● **Action item**
Beginning with the first line, return the material verbatim and without pictures.

*** Begin section ***

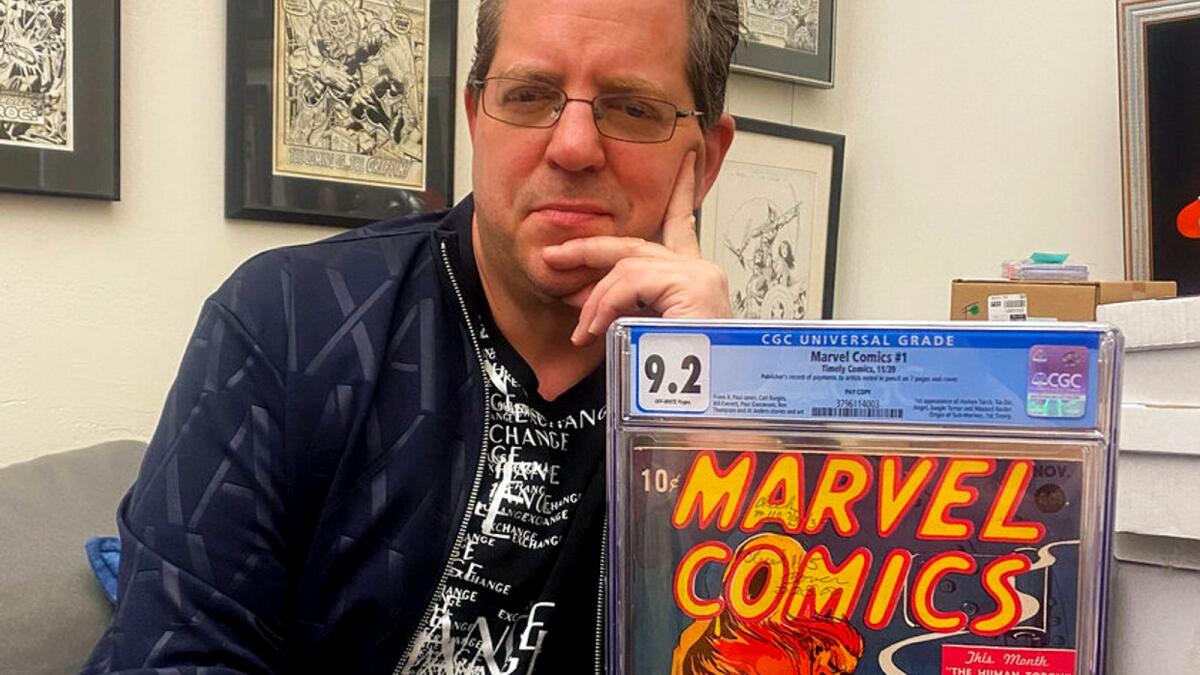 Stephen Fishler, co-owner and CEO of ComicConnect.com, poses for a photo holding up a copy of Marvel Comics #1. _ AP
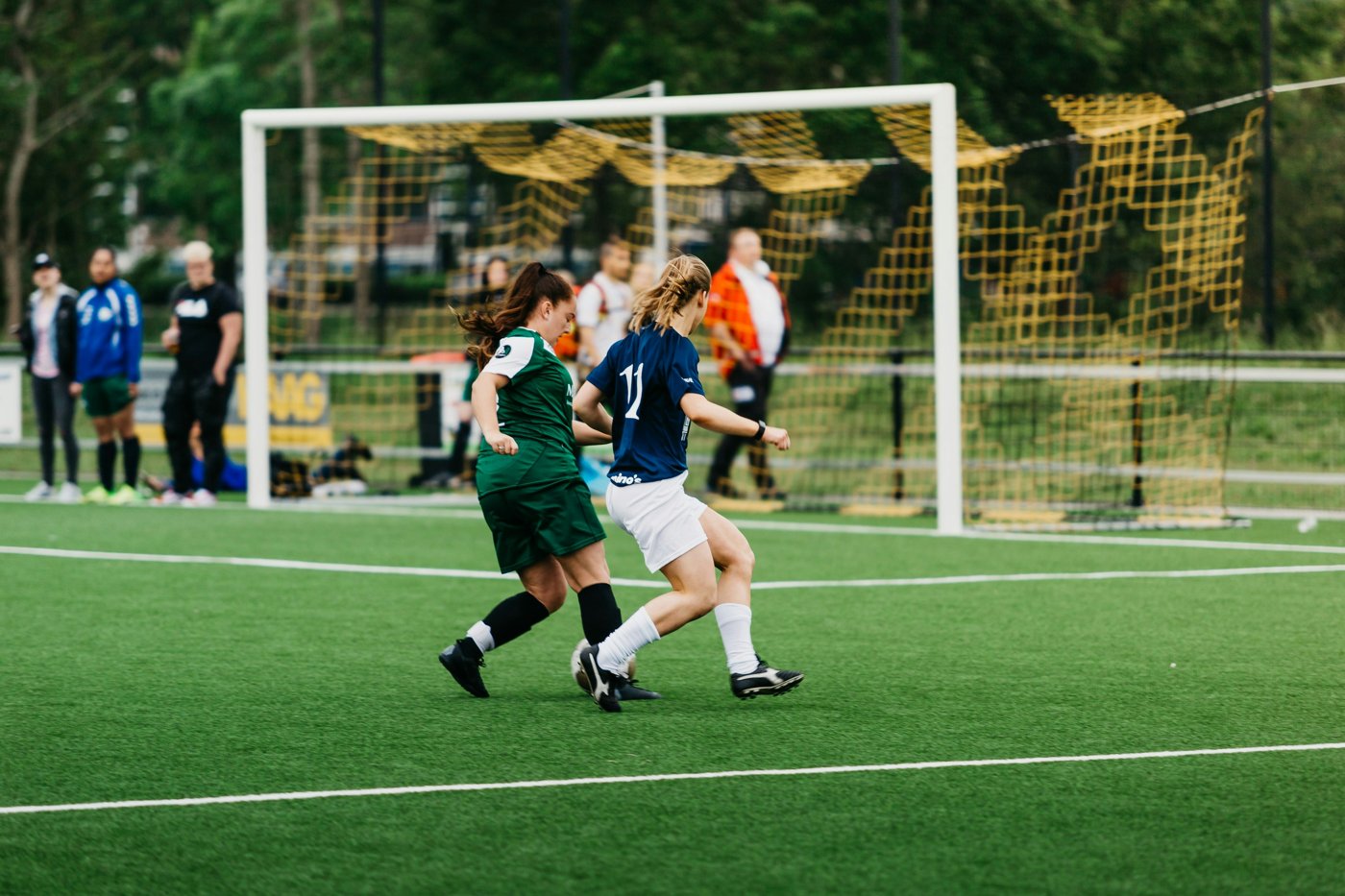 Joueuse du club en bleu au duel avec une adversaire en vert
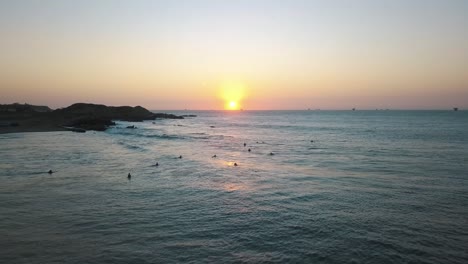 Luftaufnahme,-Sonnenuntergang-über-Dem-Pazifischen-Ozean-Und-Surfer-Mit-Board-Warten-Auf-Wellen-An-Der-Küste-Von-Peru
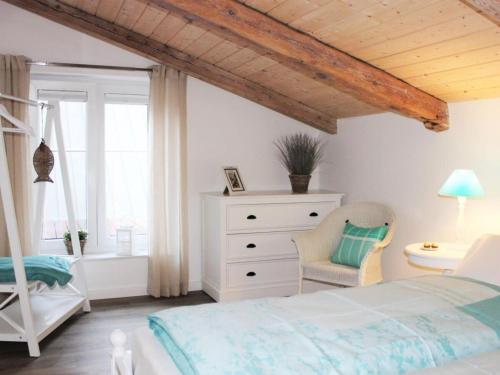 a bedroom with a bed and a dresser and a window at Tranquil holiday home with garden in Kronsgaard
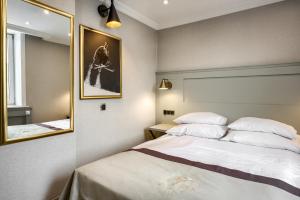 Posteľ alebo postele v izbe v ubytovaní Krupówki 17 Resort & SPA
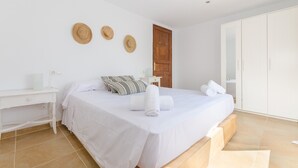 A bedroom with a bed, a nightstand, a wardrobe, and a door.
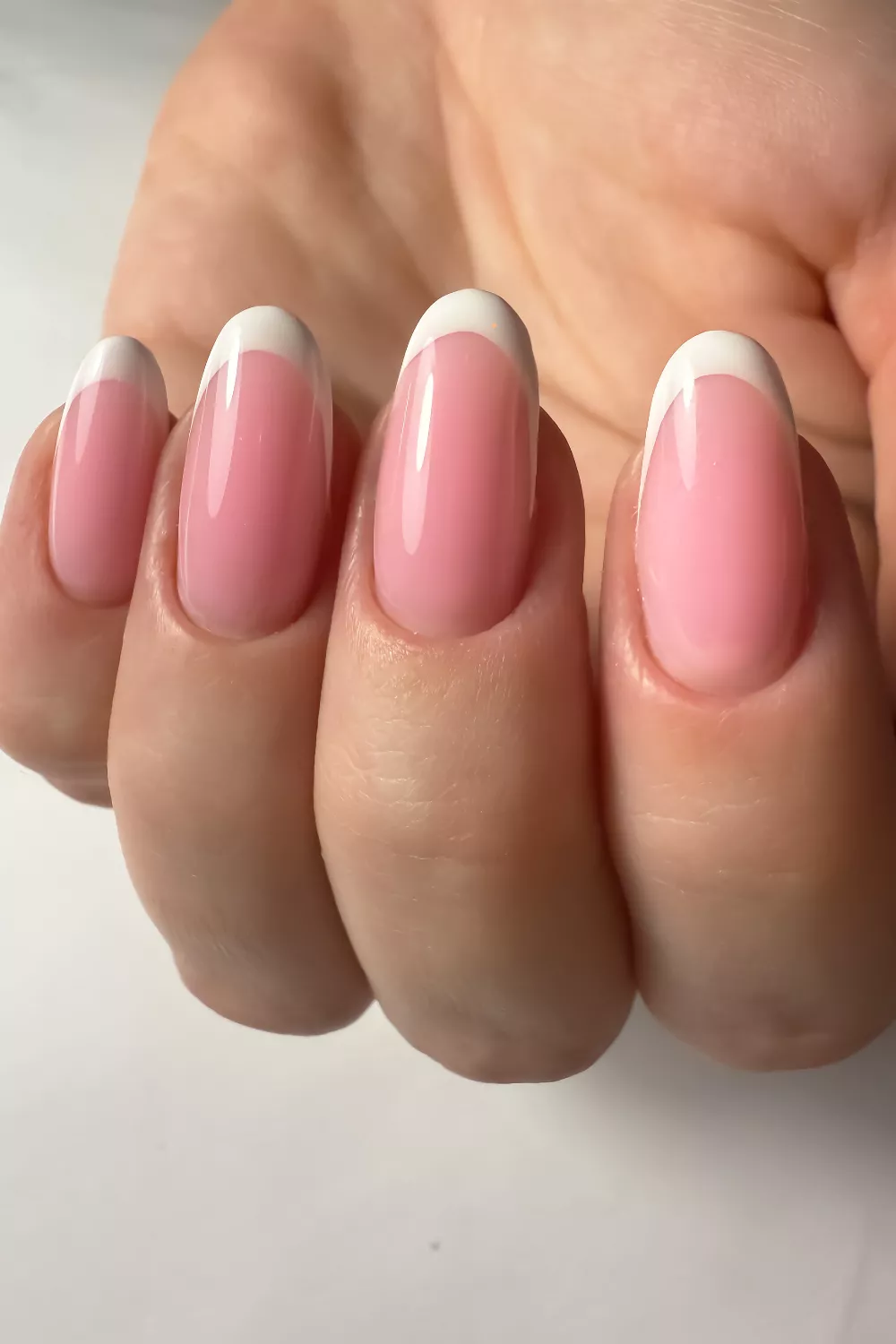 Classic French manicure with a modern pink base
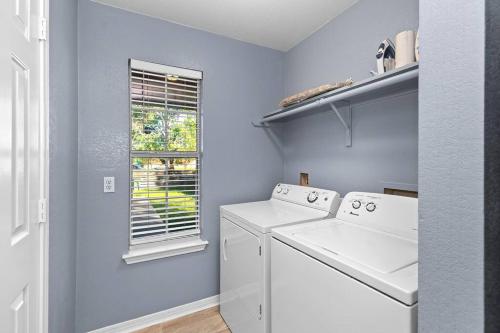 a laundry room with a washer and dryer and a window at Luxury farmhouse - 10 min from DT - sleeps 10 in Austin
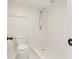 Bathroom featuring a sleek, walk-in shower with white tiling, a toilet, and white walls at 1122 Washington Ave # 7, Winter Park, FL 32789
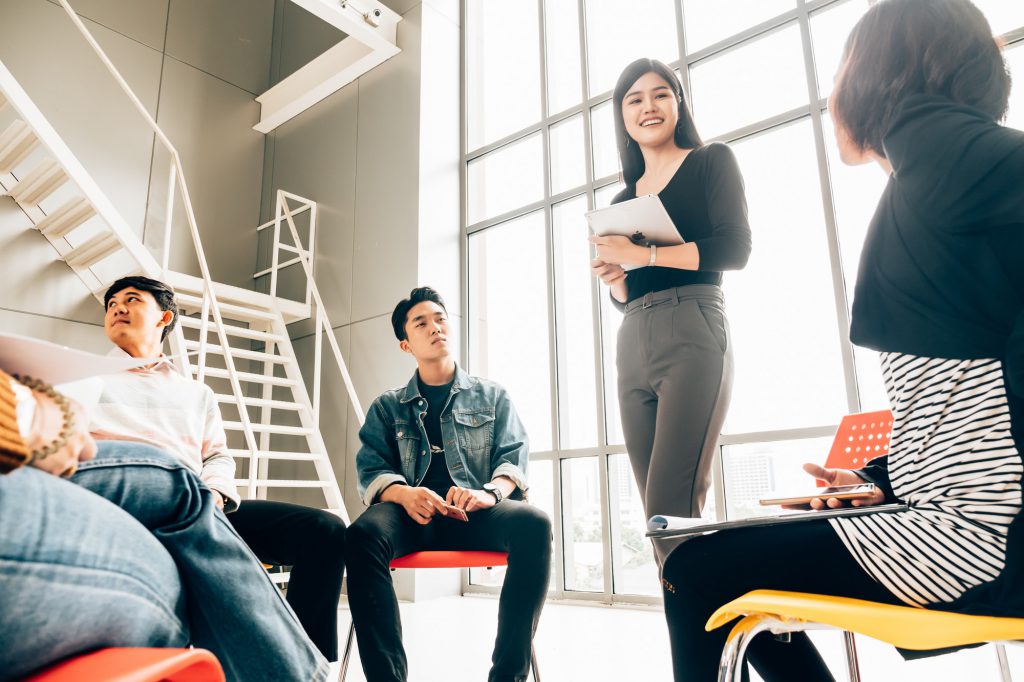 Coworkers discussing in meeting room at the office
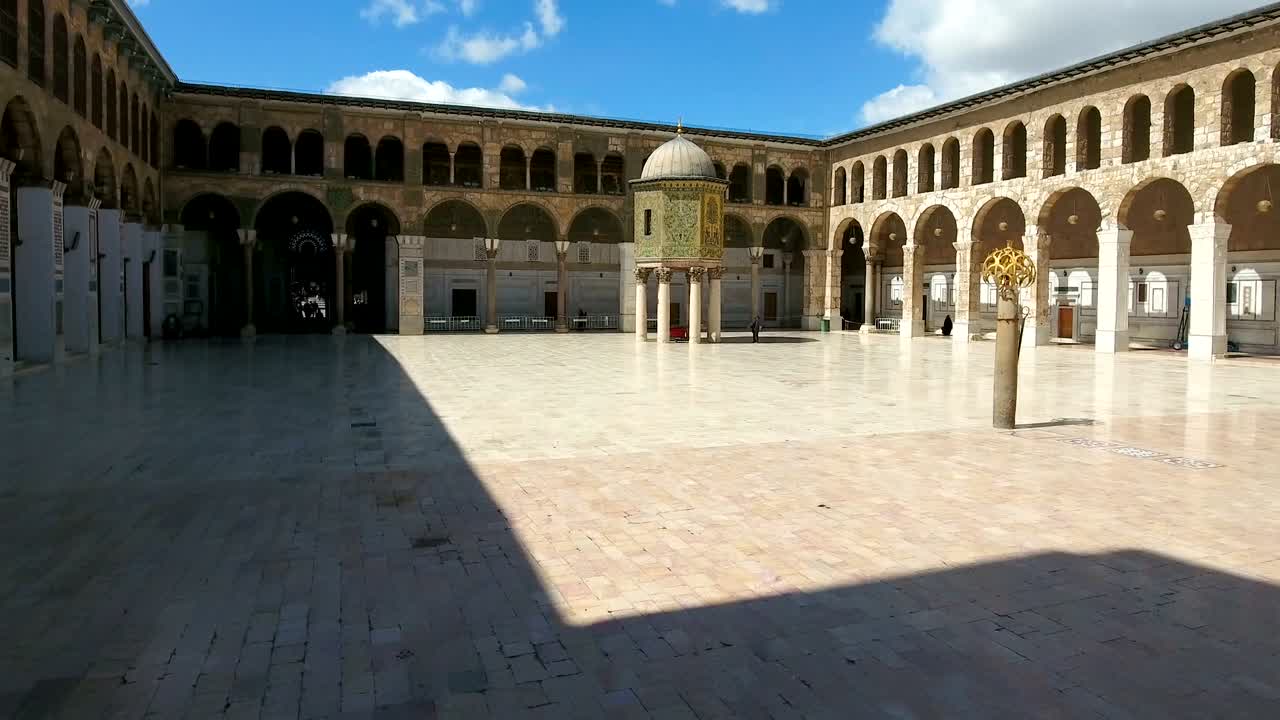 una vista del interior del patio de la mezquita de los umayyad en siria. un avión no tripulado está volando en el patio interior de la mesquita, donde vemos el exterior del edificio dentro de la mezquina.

*** End section ***

● **Solution to this exercise**
 Stephen Fishler, co-owner and CEO of ComicConnect.com, poses for a photo holding up a copy of Marvel Comics #1. _ AP
 Joueuse du club en bleu au duel avec une adversaire en vert
 Luftaufnahme,-Sonnenuntergang-über-Dem-Pazifischen-Ozean-Und-Surfer-Mit-Board-Warten-Auf-Wellen-An-Der-Küste-Von-Peru
 a bedroom with a bed and a dresser and a window at Tranquil holiday home with garden in Kronsgaard
 Posteľ alebo postele v izbe v ubytovaní Krupówki 17 Resort & SPA
 A bedroom with a bed, a nightstand, a wardrobe, and a door.
 Classic French manicure with a modern pink base
 a laundry room with a washer and dryer and a window at Luxury farmhouse - 10 min from DT - sleeps 10 in Austin
 Bathroom featuring a sleek, walk-in shower with white tiling, a toilet, and white walls at 1122 Washington Ave # 7, Winter Park, FL 32789
 Coworkers discussing in meeting room at the office
 una vista del interior del patio de la mezquita de los umayyad en siria. un avión no tripulado está volando en el patio interior de la mesquita, donde vemos el exterior del edificio dentro de la mezquina.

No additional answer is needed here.